SOURCE DATA: Begin

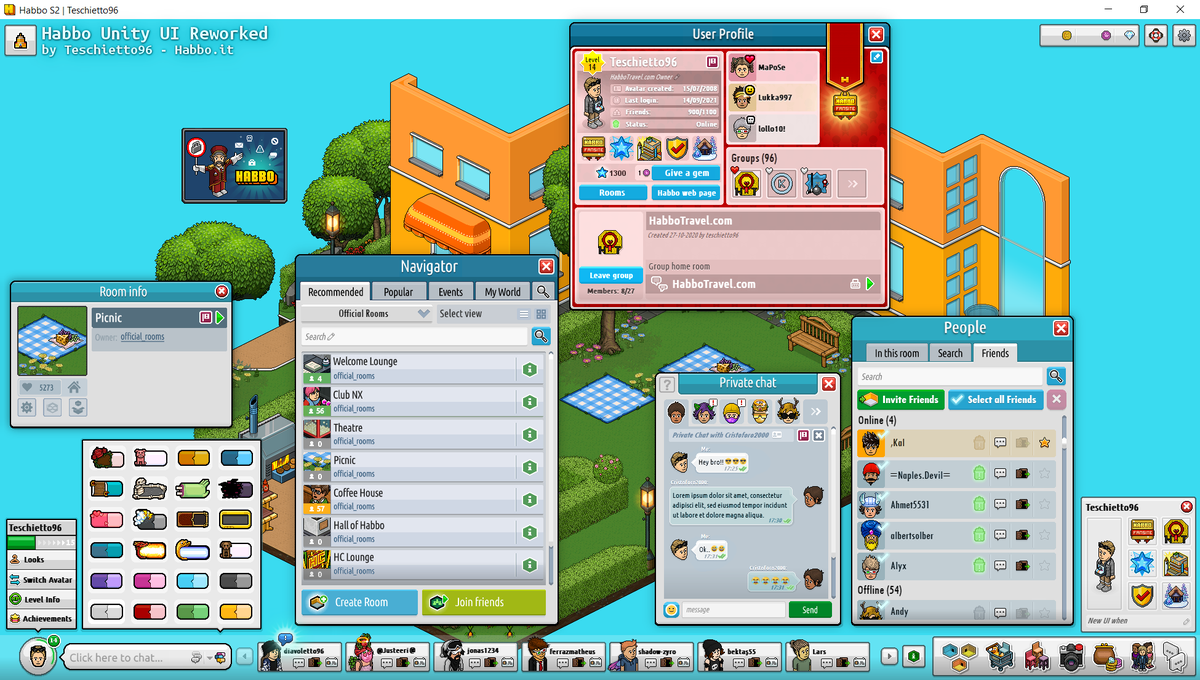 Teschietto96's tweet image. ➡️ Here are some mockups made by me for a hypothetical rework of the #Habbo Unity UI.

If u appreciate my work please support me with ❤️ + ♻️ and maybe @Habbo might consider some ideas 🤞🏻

SOURCE DATA: End
SOURCE DATA: Begin

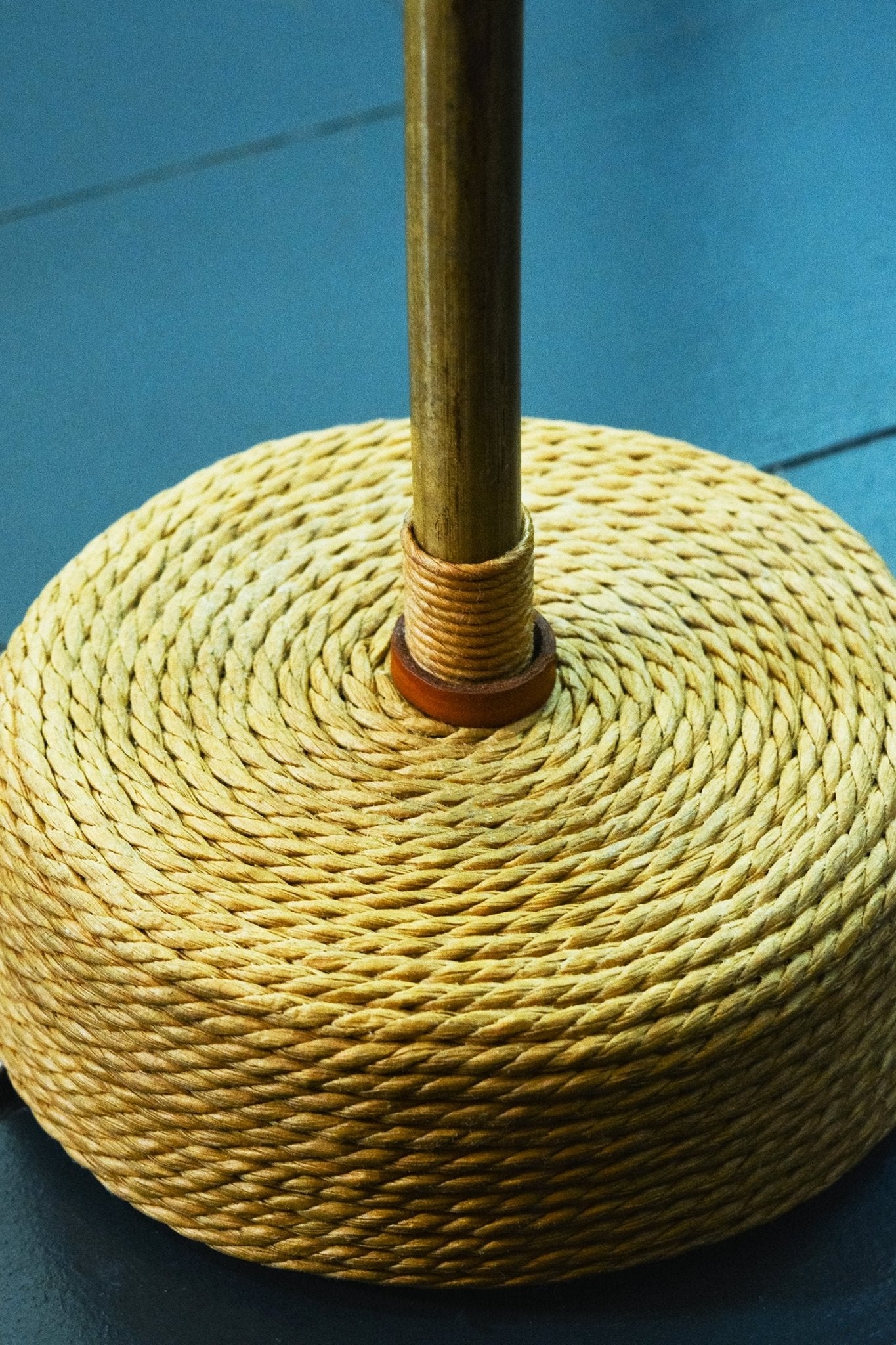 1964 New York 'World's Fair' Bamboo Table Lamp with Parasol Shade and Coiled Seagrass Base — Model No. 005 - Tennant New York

SOURCE DATA: End
SOURCE DATA: Begin

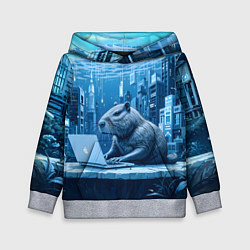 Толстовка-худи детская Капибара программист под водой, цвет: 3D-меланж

SOURCE DATA: End

Using the material above, transcribe exactly the lines from the one holding "Teschietto96's tweet image." to the one holding "If u appreciate", both ends kept. Do not carry over any pictures.

RESULT OF THE TASK
 Teschietto96's tweet image. ➡️ Here are some mockups made by me for a hypothetical rework of the #Habbo Unity UI.

If u appreciate my work please support me with ❤️ + ♻️ and maybe @Habbo might consider some ideas 🤞🏻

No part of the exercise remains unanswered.